What Kind of Country Have We Become?
As always political analyst and journalist (one of very few left in this country) Glenn Greenwald hits the nail on the head in his Thursday Sept. 3 blog post “The looming political war over Afghanistan.” Here is an excerpt:
“A country that turns itself into a war-fighting state, a militarized empire, is choosing what kind of country it wants to be. And as long as that continues, everything else — wild expansions of executive power, the explicit rejection of the rule of law for elites, a continuous erosion of civil liberties, ever-expanding secrecy justifications, supreme empowerment of a permanent national security class whose power transcends elections — are all necessary and inevitable by-products. As Thomas Jefferson observed in an 1810 letter to Ceasar Rodney: “In times of peace the people look most to their representatives; but in war, to the executive solely.” Jefferson was assuming “war” was a temporary state of affairs; where, as with us now, it’s the permanent reality, the effect is far greater. As long as a President is waging wars and trying to control the world through military force, he desperately needs the CIA, the military, the entire National Security State apparatus, and thus cannot “change” policies of secrecy, civil liberties, privacy and the like — even if he wanted to.
“That’s why being in a state of endless war doesn’t merely raise discrete questions of this policy or that; it changes the character of the nation. Whether to continue our massive National Security State and general imperial behavior (unsustainable in any event) is at least as important a question in the debate over Afghanistan as specific questions raised by the war itself….
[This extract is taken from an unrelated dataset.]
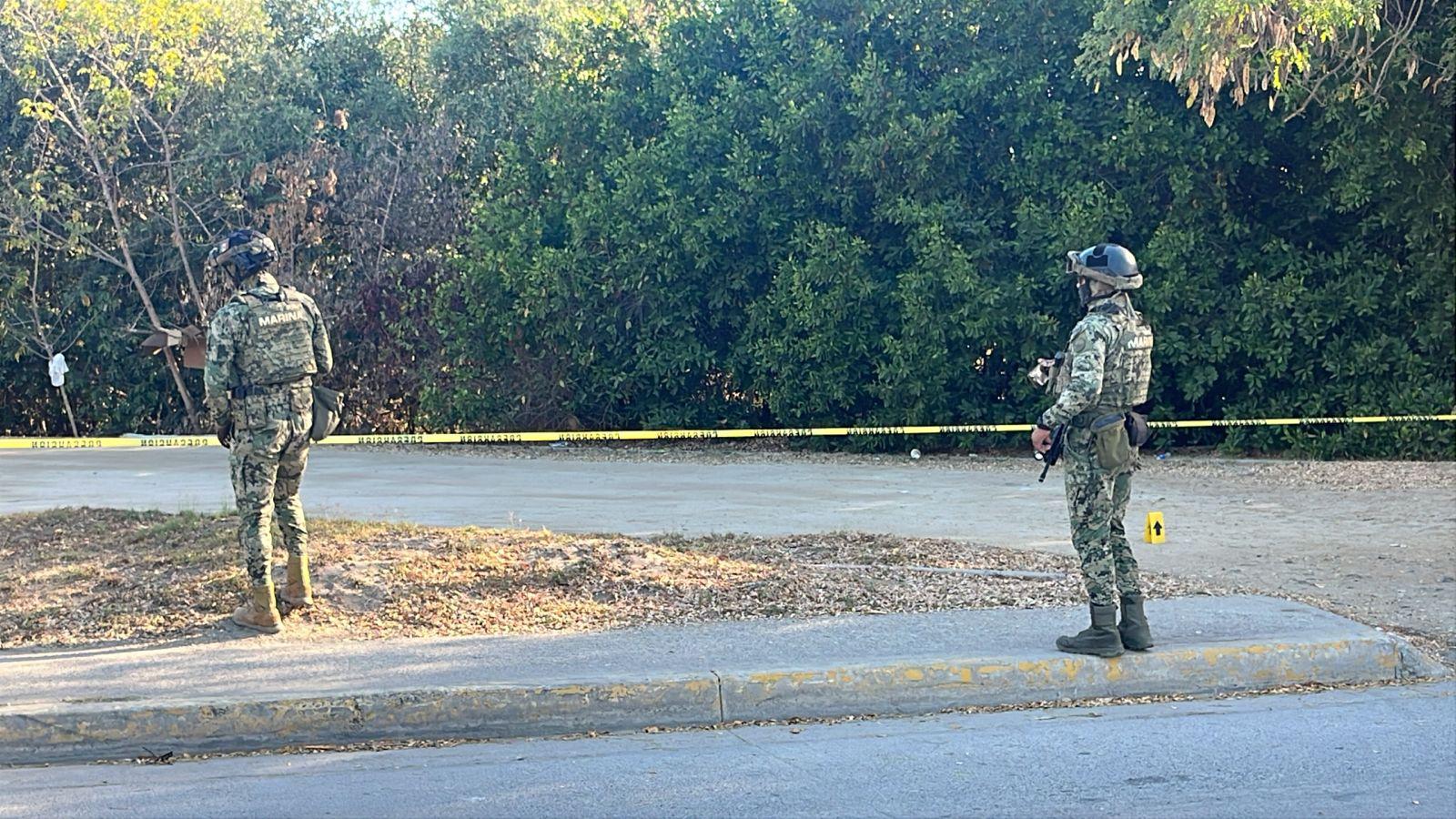 $!Localizan cuerpo sin vida y emplayado en el parque de las avenidas Grijalva y Juan Pablo II, en Mazatlán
“‘Of all the enemies of true liberty, war is, perhaps, the most to be dreaded, because it comprises and develops the germ of every other. War is the parent of armies; from these proceed debts and taxes; and armies, and debts, and taxes are the known instruments for bringing the many under the domination of the few…. No nation can preserve its freedom in the midst of continual warfare.'” — James Madison, Political Observations, 1795:
“We have “continual warfare”; Madison couldn’t have been clearer about the inevitable outcome of that.”